Your assignment →
Where an entry holds an image, leave the image out; otherwise reproduce the entry exactly.

(Input data)

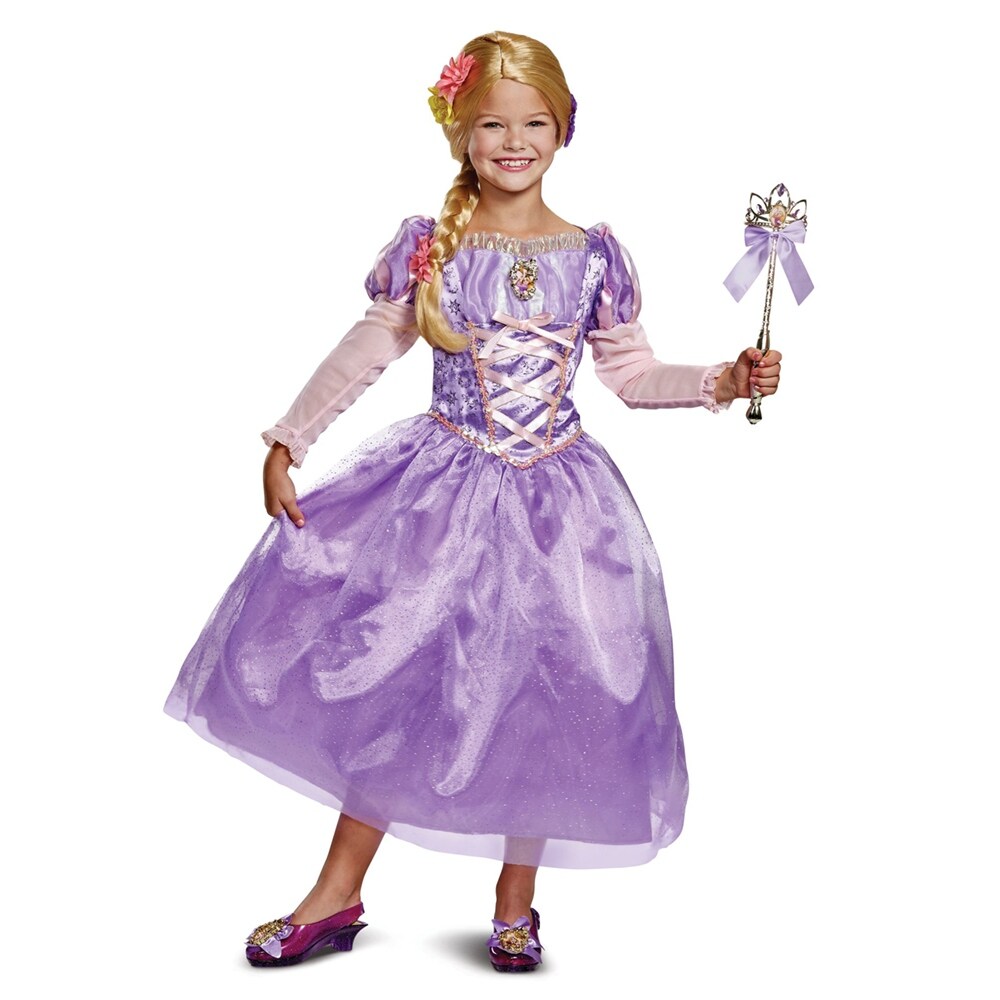 3t rapunzel costume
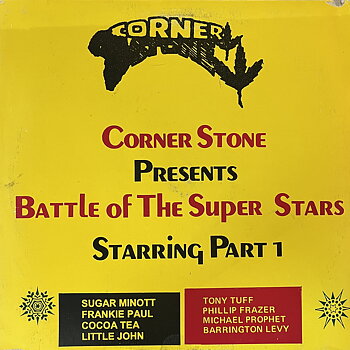 Battle Of The Super Stars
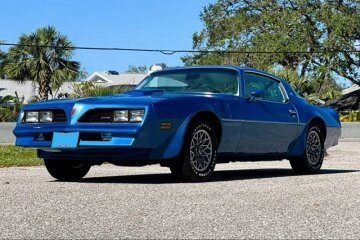 1978 Pontiac Firebird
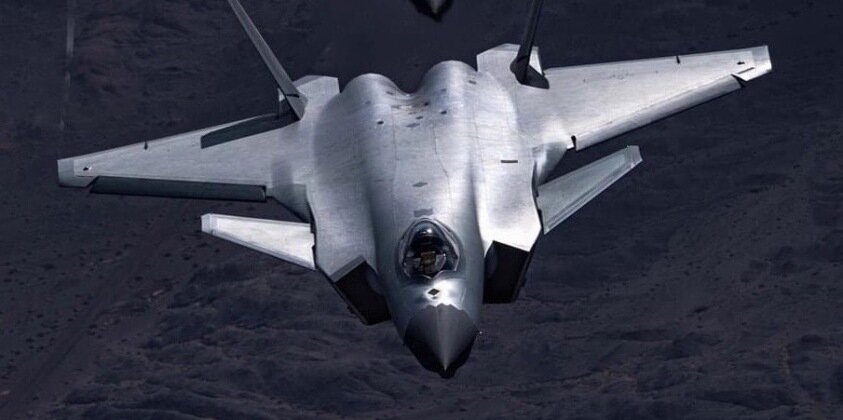 حمله به قلب اف ۳۵ / ارتقای مهم برای جنگنده پیشرفته چین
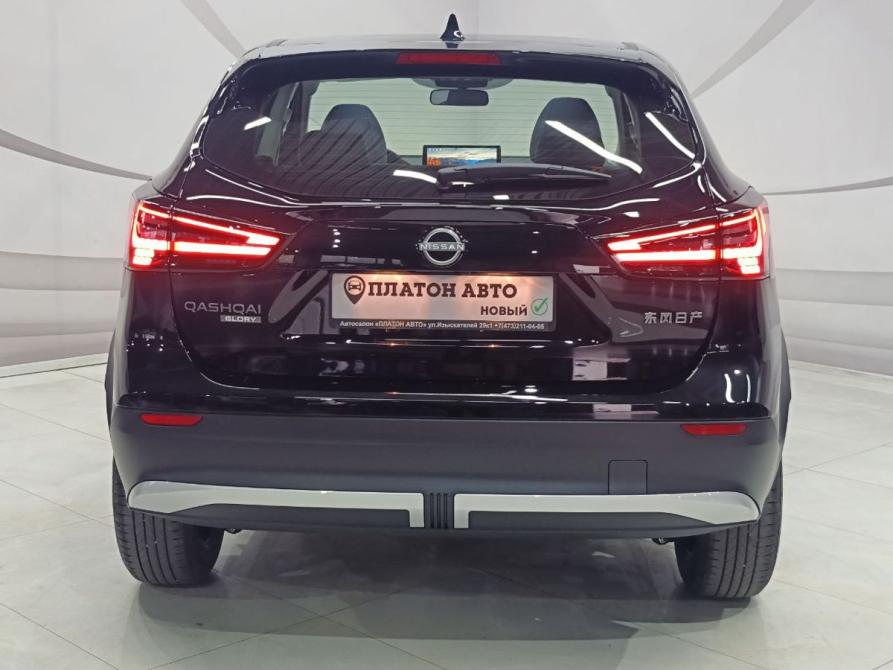 Nissan Qashqai II Рестайлинг 2 Воронеж  - изображение 6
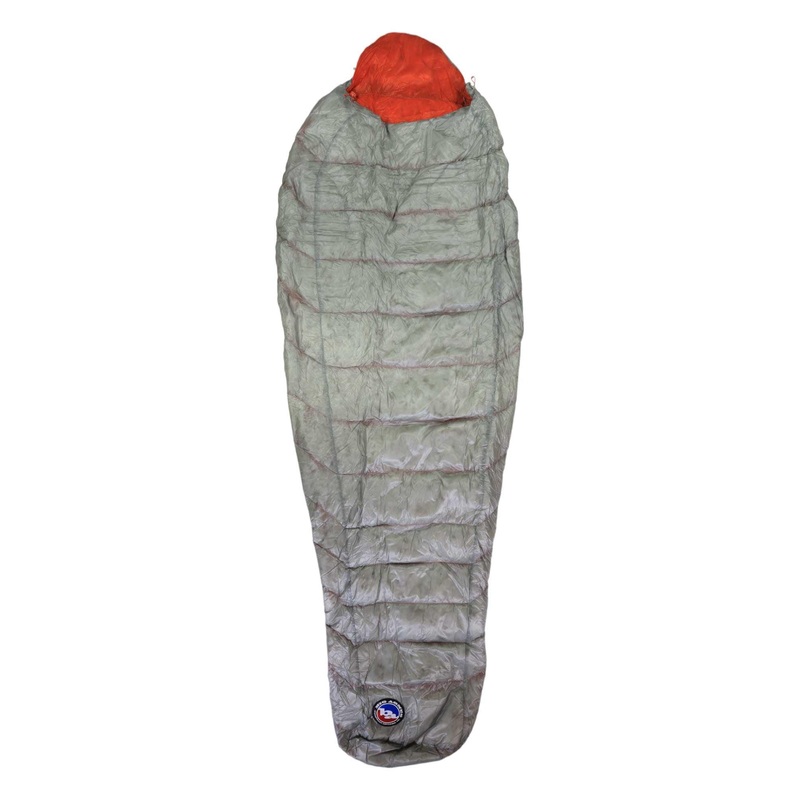 Big Agnes Pluton Ul 40 Reg Left Sleeping Bag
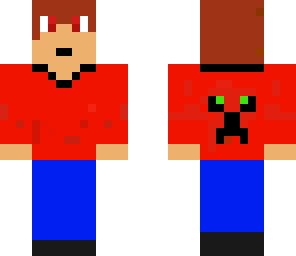 minecraft gamer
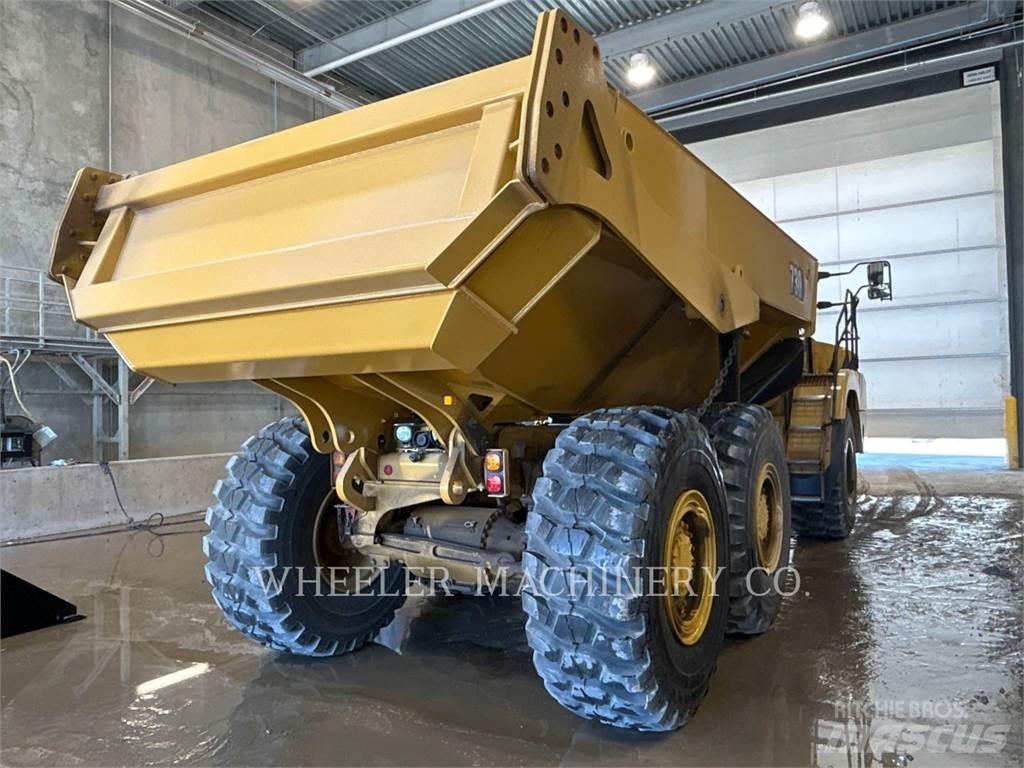 CAT 730 TG Camiões articulados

(End Input data)

Exercise output →
 3t rapunzel costume
 Battle Of The Super Stars
 1978 Pontiac Firebird
 حمله به قلب اف ۳۵ / ارتقای مهم برای جنگنده پیشرفته چین
 Nissan Qashqai II Рестайлинг 2 Воронеж  - изображение 6
 Big Agnes Pluton Ul 40 Reg Left Sleeping Bag
 minecraft gamer
 CAT 730 TG Camiões articulados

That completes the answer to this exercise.